Jeirry mengatakan, Pemilu secara umum telah berjalan baik, lancar dan damai. Memang ada banyak informasi yang didapatkan terkait potensi kecurangan, kekurangan pelaksanaan proses, kesalahan mekanisme dan hal-hal yang kurang sesuai dengan prosedur yang ada.

Dia mendesak agar semua kecurangan itu harus diproses sesuai dengan mekanisme yang berlaku. Jika ada pelaku kecurangan, pelanggaran ataupun manipulasi tetap harus diproses dan dihukum sesuai dengan ketentuan yang ada. Bahkan jika ada yang berpengaruh terhadap hasil, maka dikembalikan sesuai dengan pilihan rakyat tersebut.
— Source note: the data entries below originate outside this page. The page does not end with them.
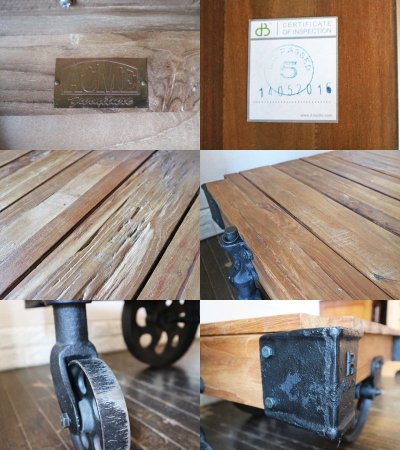 アクメ ファニチャー ACME Furniture ギルド ドーリーテーブル GUILD DOLLY TABLE S チーク古材 ローテーブル インダストリアル 廃番 定価¥147,400- ◎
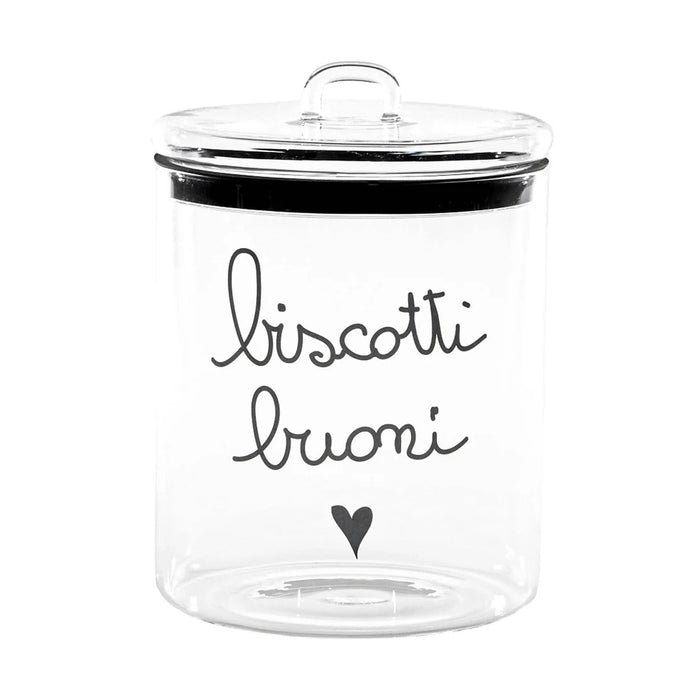 Biscottiera "Biscotti Buoni" Nero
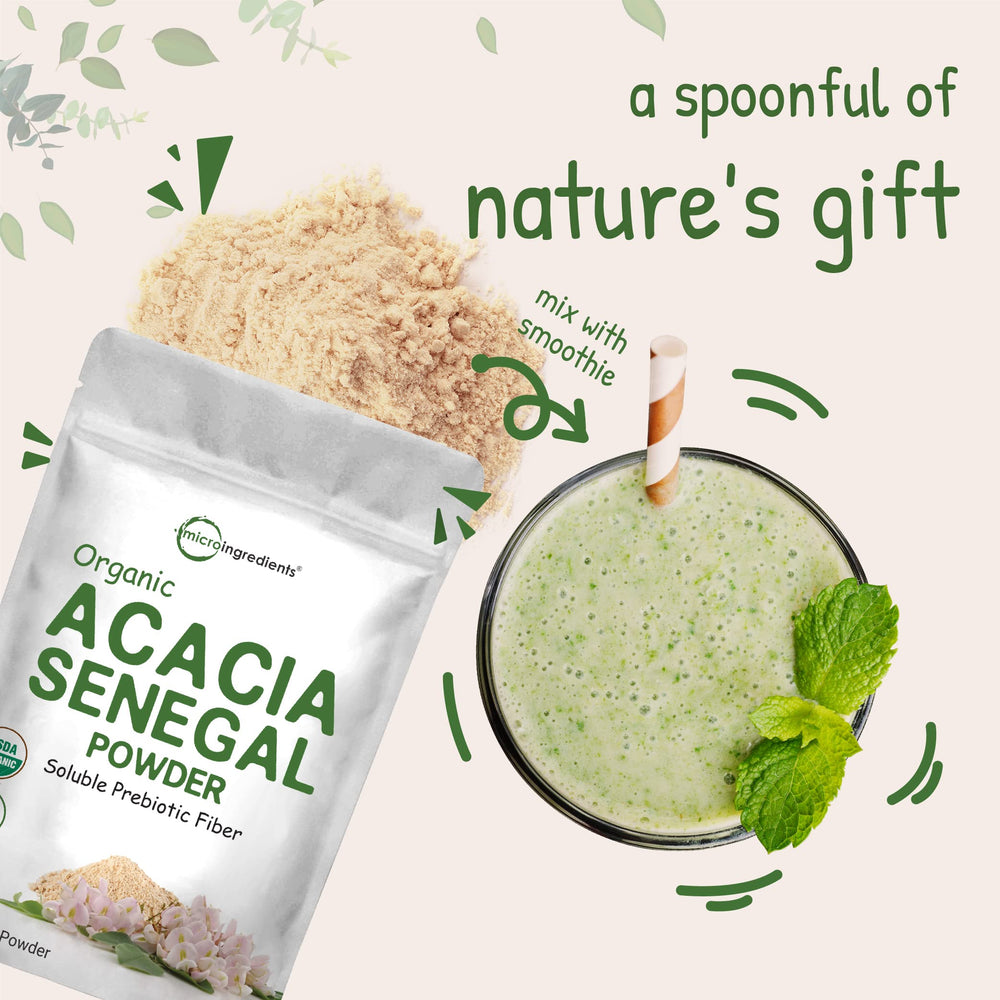 Micro Ingredients USA-sourced Acacia Senegal powder supports clean ingredient standards.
“Sebab jika dibiarkan maka itu akan menjadi cacat pemilu yang akan menjadi ‘noda hitam’ yang akan mendelegitimasi kemenangan para kandidat dan partai politik. Tentu soal ini harus kita tunggu dalam proses selanjutnya. Jika ada gugatan dan keberatan terkait dengan proses dan hasil tetap harus diwadahi dan dilakukan sebagai bagian dari mekanisme pemilu yang demokratis. Tak boleh dihalangi,” katanya.

 

Hindari Pemerintahan yang Semakin Oligarkis

Terkait eforia kemenangan yang dilakukan oleh rakyat pendukung, Jeirry berharap agar hal tersebut sebaiknya dikurangi. Sebab bisa memicu kericuhan atau bentrok dengan pendukung yang lain, secara khusus pendukung Capres-cawapres.
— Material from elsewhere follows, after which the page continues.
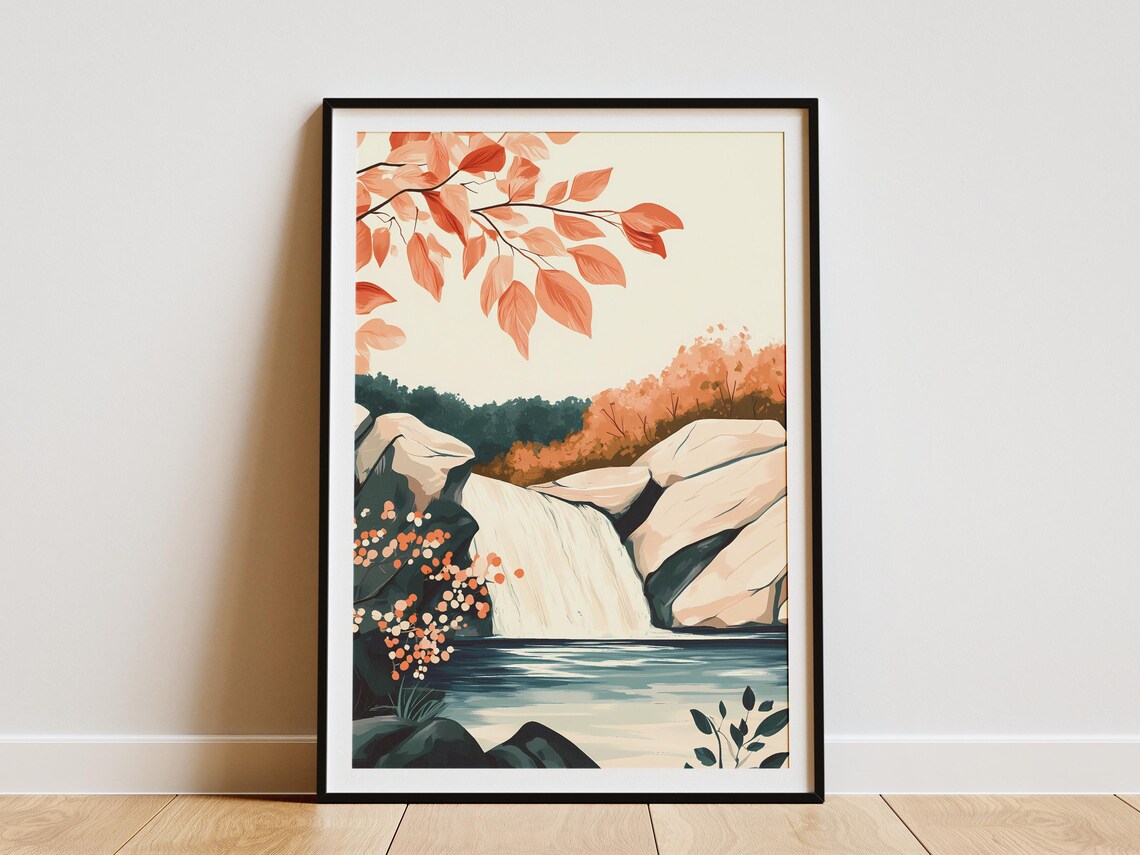 Waterfall Forest Poster Nature Art Print Calm Waterfall Forest Landscape Modern Nature Decor Peaceful Waterfall Scene Tranquil Forest Print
“Kita tetap kedepankan perdamaian dan persatuan. Jangan sampai merusak proses yang baik yang sudah kita lakukan pada hari H Pemilu ini. Para Paslon harus tampil meredam emosi para pendukung yang kecewa maupun pendukung yang gembira berlebihan. Tentu itu bukan berarti hendak menegasikan semua proses yang keliru apalagi curang,” imbuhnya.
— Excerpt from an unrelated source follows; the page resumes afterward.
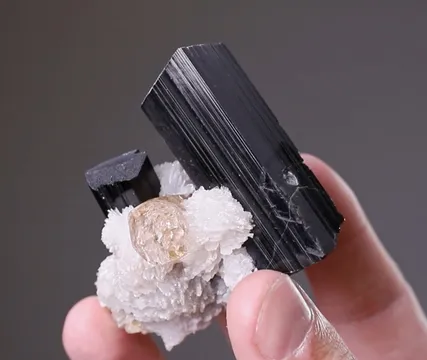 Schorl with Cleavelandite and Topaz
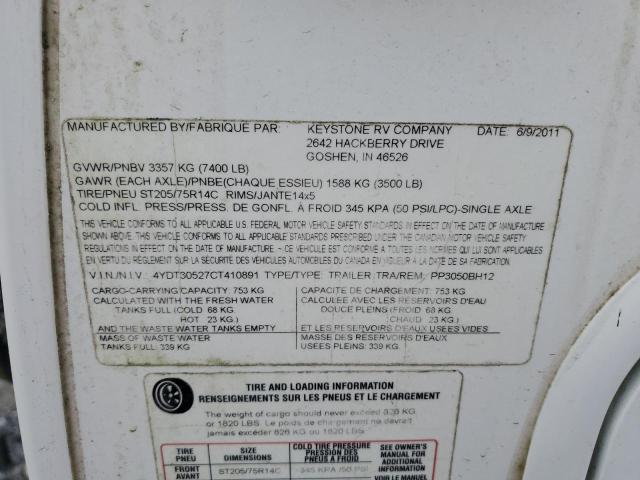 4YDT30527CT410891 - 2012 KEYSTONE PASSPORT 白色 照片 10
Salah satu hal yang menarik dari hasil sementara ini, kata Jeirry, adalah kemungkinan ada 8 partai politik yang akan masuk parlemen.

Di pihak pendukung Paslon nomor 2, kemungkinan ada 4 partai yang akan masuk parlemen, yaitu: Gerindra, Golkar, PAN dan PD. Di pihak pendukung Paslon nomor 1 dan 3, kemungkinan juga akan ada 4 partai yang masuk parlemen, yaitu: PDIP, Partai Nasdem, PKB dan PKS.

Terkait hasil ini, Jeirry berharap agar partai-partai pendukung Paslon 1 dan 3 bisa bersikap sebagai oposisi di parlemen. Hal ini penting demi menjaga agar ada cek and balance legislatif untuk mengontrol jalannya pemerintahan atau eksekutif.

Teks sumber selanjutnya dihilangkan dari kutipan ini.